Stories are important to me. I want to gather them up and share them and keep record of them. And I have wanted all of my daughter's names to tell a story-- a story of people who have loved us well. A story of full of meaning. I always have viewed their names as little time capsules they can carry with them all of their lives.
Blythe Kathleen was so perfect and unique, when Becks Lynae came along we felt a little pressure to get her name just right. I loved giving a one syllable name that couldn't be shortened into a nickname [though they have been stretched into longer names :)]. I didn't intentionally do the B thing... and when I suggested a B name if we had a third daughter, we had to really consider what that would be like: Brent, Blythe, Becks. That's a lot. I just couldn't do another B name.
Little did I know, when the time came for our third child to be born, Nan's name would find us. She had to be Nan.
If you don't remember the story, the day we found out we were pregnant with our third child was on August 3rd-- the same day we buried and said goodbye to our beloved Grandma Pat. That morning I took the test and hugged Brent in his suit. I put my hands across my abdomen covered in a black dress. The Lord gives and takes away. Blessed be the name of the Lord. Grandma was the only one who knew we had even considered trying for a third child, and as I plucked a yellow rose from her casket, I whispered our new found secret.
And I knew. I knew this baby, if a girl, would be Nan.
Grandma Pat's full name was Patricia Nan.
She hated her middle name. Her sister didn't have a middle name, and would make one up when people asked because she wanted one so badly. Grandma would tell her she shouldn't do that because having a middle name wasn't all that great. Her mother's name was Nancy, and her dad always called her Nan. He insisted that Patricia's middle name be Nan. And so it was. Exactly why she disliked it so much, I don't know, but I know she hated two things: Her middle name and Hans Christian Anderson's fairy tales.
I really wish I could have seen her reaction when we passed it on to our daughter.
Nan means grace. Which is just about perfect.
Back when we were praying about having another baby or not, I knew that I would need a whole new level of grace if we had a third. When I wrote our announcement post back in October I wrote:
"The idea of three children terrifies me a bit, to be honest. That's an entirely new level of insanity. Was I ready for that? Was I capable of that? And the answer I came up with was: NO. I'm not ready. I'm not capable. I'm not strong enough. And that is exactly why we decided we should have three children. Because God is ready. He is capable. And He is so strong. And by having another child we would enter an entirely new level of dependency on Him. Our family will have to link securely with His strength and faithfulness and peace and forgiveness, and with His unending love as we welcome this new baby and figure out life as FIVE. "
And His grace.
There is an old hymn that says, "Marvelous, infinite, matchless grace, freely bestowed on all who believe...grace, grace, God's grace, grace that will pardon and cleanse within; grace, grace, God's grace, grace that is greater than all our sin."
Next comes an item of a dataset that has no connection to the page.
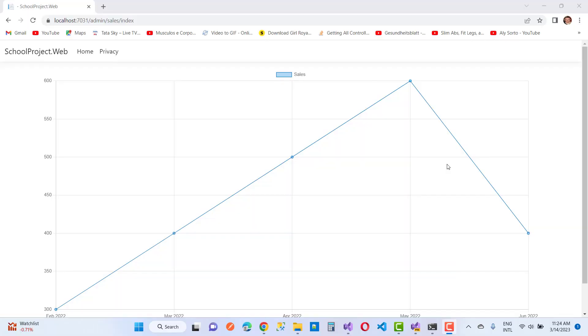Hello everyone, welcome to my channel ASP.NET Core. Today I am going to show you how to represent data in the form of a chart in ASP.NET Core, and it is very simple.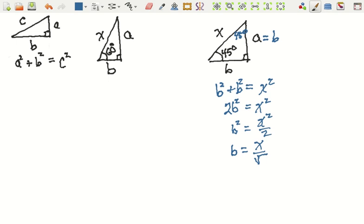So if we knew what the hypotenuse was, then each of the other sides would be whatever the length of the hypotenuse is divided by the square root of 2. If you like to rationalize denominators, we could have called that the square root of 2 times X over 2. So in the case that the hypotenuse is 1, for example, then each of the other sides would have to be the square root of 2 over 2.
And Nan means grace. And I pray she is our reminder of this matchless grace that is given freely to us. And I pray that she is our reminder to respond in grace and live into God's grace as we parent these three girls.
And then there is Louise.
Louise is a name from Brent's family as well. If I remember correctly, his Grandma Hazel's dad was Louis. And the name started to get passed down. When it came to naming Brent's mom, her parents gave her the female version of this name, and she became Joan Louise.
It's always been a middle name we've kicked around. It's such a feminine name, and when we stuck it with Nan? Well, magic happened if you ask me: Nan Louise.
And just like naming her after Grandma Pat, naming her after her Nini Joan is perfect. A selfless, helpful, giving woman if ever there was!
And the meaning of Louise is renowned warrior.
I love attaching this to GRACE. The bible uses war language time and time again, reminding us of the Enemy we face in this world. We must put on armor. We must fight temptation and sin. And we are promised that we will overcome this world.
1 John 5:4-5 says, "Every God-begotten person conquers the world's ways. The conquering power that brings the world to its knees is our faith. The person who wins out over the world's ways is simply the one who believes Jesus is the Son of God." [The Message translation].
And Louise means renowned warrior.
Renowned. Known for being a warrior. And we pray that Nan Louise will be known for being a warrior of Christ. That she will remind us that the victory is ours because we believe Jesus is the Son of God. And we pray that she will claim this victory in her life.
I know a lot of people were expecting a B name. And if not a B name, people were expecting something a little different or modern, even a little masculine, because Blythe and Becks are definitely those things. And we decided on Nan Louise-- an old fashioned and feminine name. And yet, still a name full of meaning and stories and wonderful heritage.
Our sweet Nan Louise, may you follow the wonderful examples of the women you were named after, and may you be full of grace and known for your love of Christ. We are so thankful it was you from the beginning.